EXERCISE
Restate the listing below line for line and word for word, without the pictures.

INFORMATION SUPPLIED
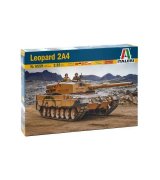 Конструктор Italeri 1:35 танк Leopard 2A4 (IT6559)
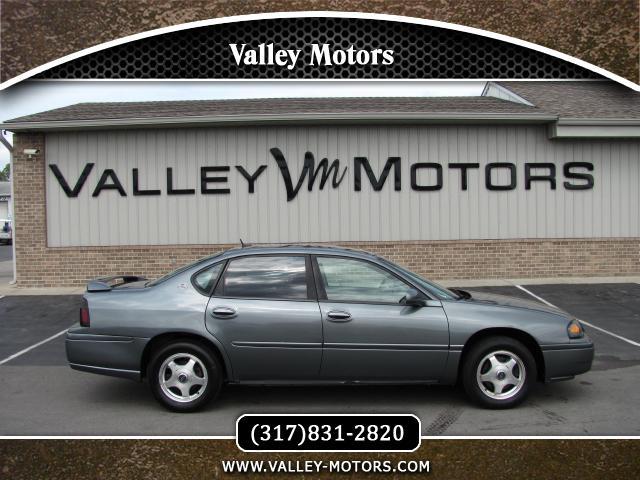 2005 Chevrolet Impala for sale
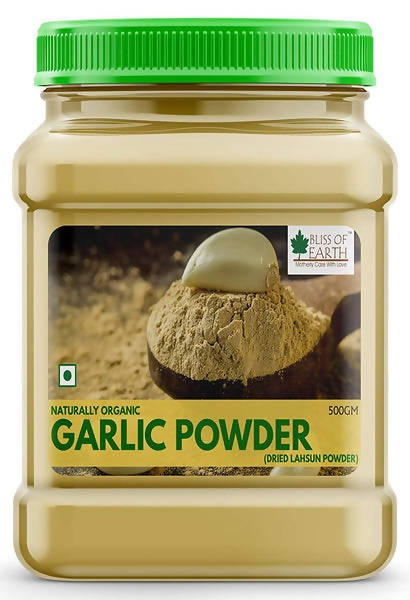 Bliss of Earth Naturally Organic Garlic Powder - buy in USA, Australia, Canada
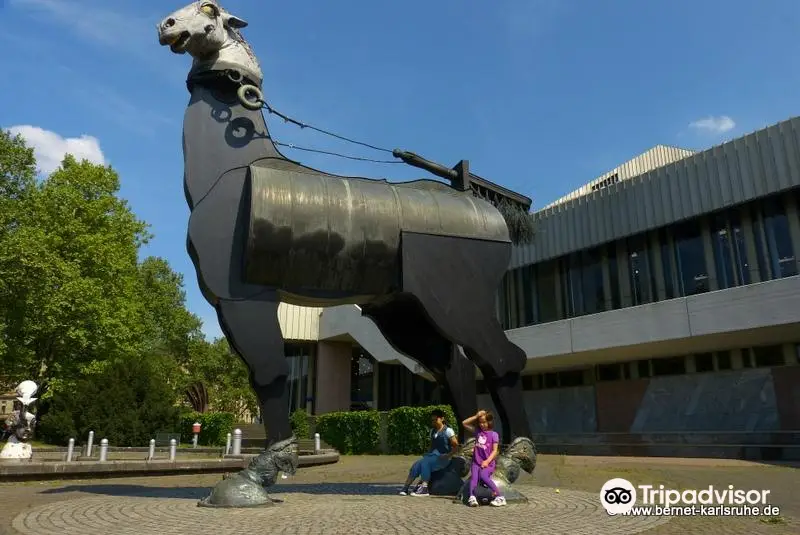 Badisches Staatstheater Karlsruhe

EXERCISE RESPONSE
 Конструктор Italeri 1:35 танк Leopard 2A4 (IT6559)
 2005 Chevrolet Impala for sale
 Bliss of Earth Naturally Organic Garlic Powder - buy in USA, Australia, Canada
 Badisches Staatstheater Karlsruhe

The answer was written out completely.